**Your assignment:** Write every line of the material again exactly, with no pictures in the copy.

━━━ Input for this task

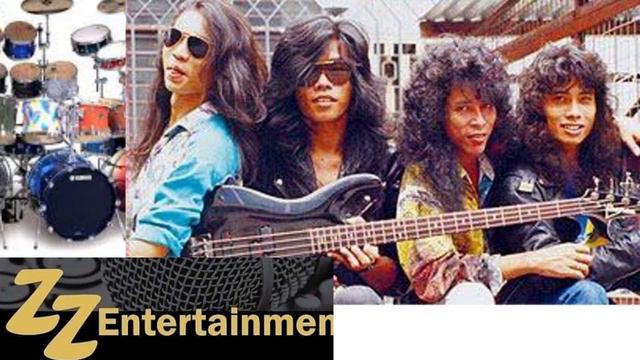 CINTA UNTUK NABILA MELLISA DRUM LESS METRONOME смотреть онлайн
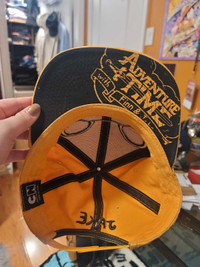 Jake the Dog Adventure Time Hat 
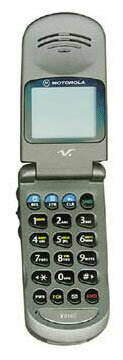 Motorola V8160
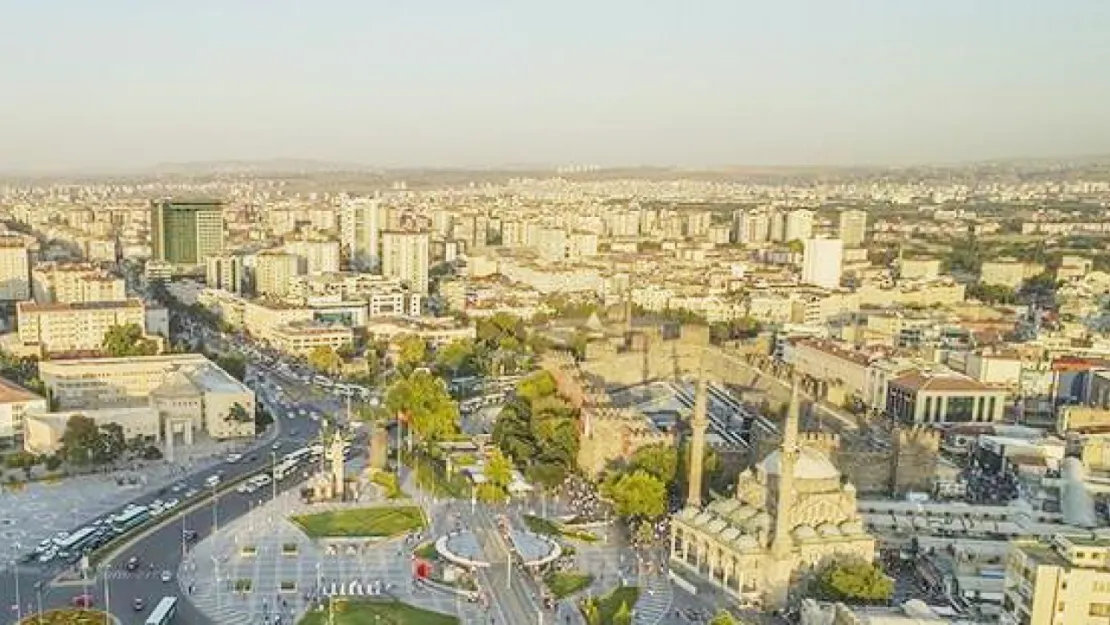 TÜİK açıkladı: Konut satışları düşüyor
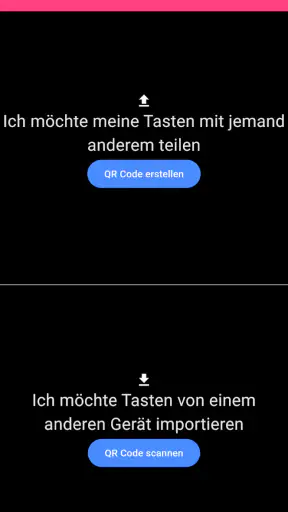Kasse screenshot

━━━━━━

**Response to the task:**
 CINTA UNTUK NABILA MELLISA DRUM LESS METRONOME смотреть онлайн
 Jake the Dog Adventure Time Hat 
 Motorola V8160
 TÜİK açıkladı: Konut satışları düşüyor
Kasse screenshot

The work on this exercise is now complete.